When it comes to cooking, kitchen knives are a cook's best friend. They're an extension of the cook's body.
Knives |
People tend to make the mistake of buying a set of kitchen knives when they are first starting out. I've done this too, so don't feel bad if you have. The problem with knife sets is that you will end up with extra knives that don't really have a use. You'll also spend extra money on these extra knives. By knowing what you need, you can piece together a knife set just for you.
Just about every one of my knives is an old J. A Henckels. There are other, nicer brands out there, but the ones that I have work great for me.
- 12-inch Chef Knife - I use this one for large work. Usually, this is things like watermelons, brisket, turkey, etc
- 8-inch Chef Knife - I use this for general everyday work. I can make quick work of dicing vegetables or breaking down a chicken.
- 7-inch Santoku Knife - This is my number 1 knife. It seems faster and sharper than the chef's knife and I can control it a little better, which helps me chop vegetables easier.
- Boning Knife - I don't use this one every day, but it's a good one to have. It's flexible to get into tight areas when you are breaking down a piece of meat.

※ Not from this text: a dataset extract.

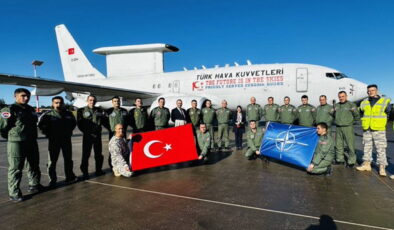 Türk uçağı ‘Rus ihlalleri’ne karşı bölgede! Litvanya’dan teşekkür mesajı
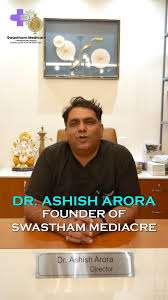 Dr. Ashish Arora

- Bread Knife - This is a great knife to have around for bread. It doesn't matter how sharp your chef's knife is, chances are you will end up flattening it. The serrated bread knife will cut through it without flattening it out.
- Paring Knife - This little knife is great delicate work. I use it sometimes to remove the tops off of peppers or quickly cut up strawberries or peel a potato. But where it really shines, is decorative garnishes. (Which I cannot do.)
- Honer - This is not a knife, but a good honer is indispensable. It will help you keep your kitchen knives sharp. Run your knives across it before use and after you clean them after each use.